I admit it… I love being right 😉
Back before Blues Guitar Unleashed was a thing, I taught private lessons exclusively – usually around 60 of them, sometimes as many as 70 or 75.
Every day, my student would come in to the shop that I used to teach at, and my room was the last one down the hall. So I’d come out to the waiting area, and tell them to go down to that room, take their guitar out and play whatever it was they were supposed to play for this lesson.
It was only 12 feet down the hall, and while they did that I’d make myself a cup of tea (I used to drink a lot of green tea) in the waiting room. It would usually take 3 minutes for the water to heat, so that was perfect.
Inevitably, I’d start to hear what I can only assume was supposed to be the song or lesson for this week… and 9 times out of 10 it would be a mess.
So I’d take my tea, go back to the room, sit down, and say, “OK, play that again, but count it out loud so I know where you think you are…”
And, what do you know, every time that happened, they all of a sudden would play it correctly?
Of course, that was no mystery to me, but it always shocked my students… and I have continued to preach my counting gospel to any and all who will hear it.
I preach it on the Blues Guitar Unleashed Forum, and I preach it in my courses, but still, there are those who don’t want to believe it.
But, they come around, and that’s really what I want to share with you today…
You see, there’s a great thread on the Forum where some folks have shared how counting has changed things for them, like Dr. Ron saying:
“Counting, Counting, Counting…No substitute. If I really want to know a song, counting is all that works, especially if I am planning on playing it in a group. Griff drilled “counting out loud” into my head years ago. Best musical advice I ever got.”
And MarkDyson said,
“It’s certainly a practice thing. I personally start by counting to something new, not even trying to play it; just going over it and bobbing my head or something while counting aloud until I’m comfortable I know what beats are hit by each of the notes in the section I’m studying (I tend to take it in small chunks). Then I might tap my fingers while counting, on the beats I’d be hitting notes. And so on. It’s certainly an acquired taste and sometimes Griff gets pushback from students, but he asserts it’s time well spent and I’ve come to agree with him.”
Or you could learn the hard way like TerryH,
“I admit I’m the worst of students because initially it takes longer to learn the licks if I have to count them out and I’m impatient, so sometimes I don’t bother. But I always pay for it later and end up having to go back to counting to get the timing over the backing track right.”

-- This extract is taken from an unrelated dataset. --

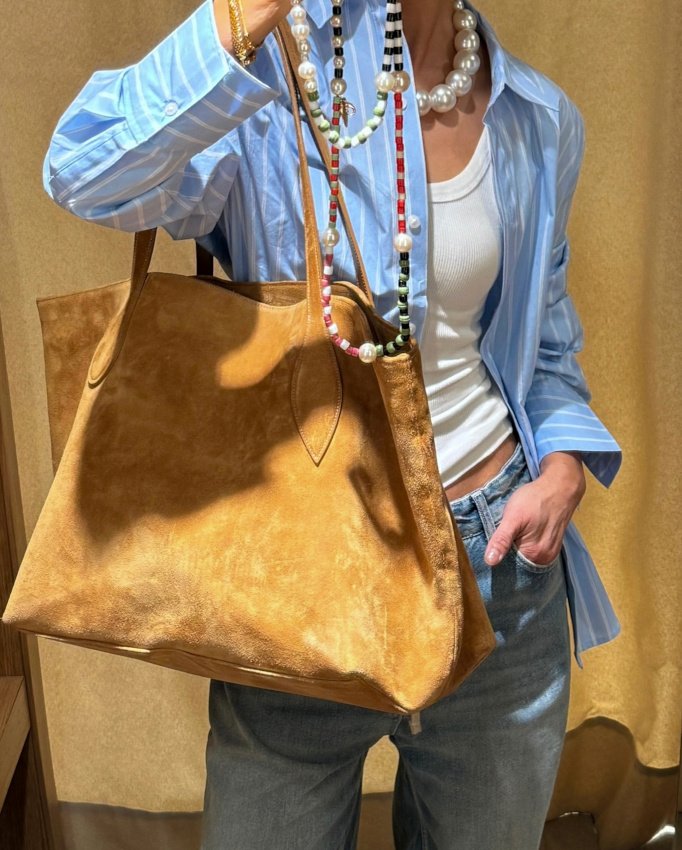 Oui au télescopage entre sac boho, perles oversizes, chemise masculine et marcel moulant !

FrankL minced no words at all about how it affected his playing:
“I resisted this advice for quite some time because it was really, REALLY slow. And too difficult from my initial perspective so I practiced avoidance behavior. Then along came Sunshine Of Your Love and I watched the solo video, over and over, where the solo was counted out loud for every beat and was played at the same time. So when I wanted to learn the solo I counted it out loud and I started painfully slow. BUT the “switch flipped” and now to learn anything new I count it out loud. “COUNTING FIXES EVERYTHING, every time.”
Since November because of counting, I’ve learned 5 new pieces. I’m a convert and advocate. Apparently you can teach an old dog new tricks.
THANK YOU, Griff!!!
Your insistence and persistence in counting and actually leading the horse to water, so to speak, worked miracles for me!”
So if you won’t listen to me tell you to count… listen to them!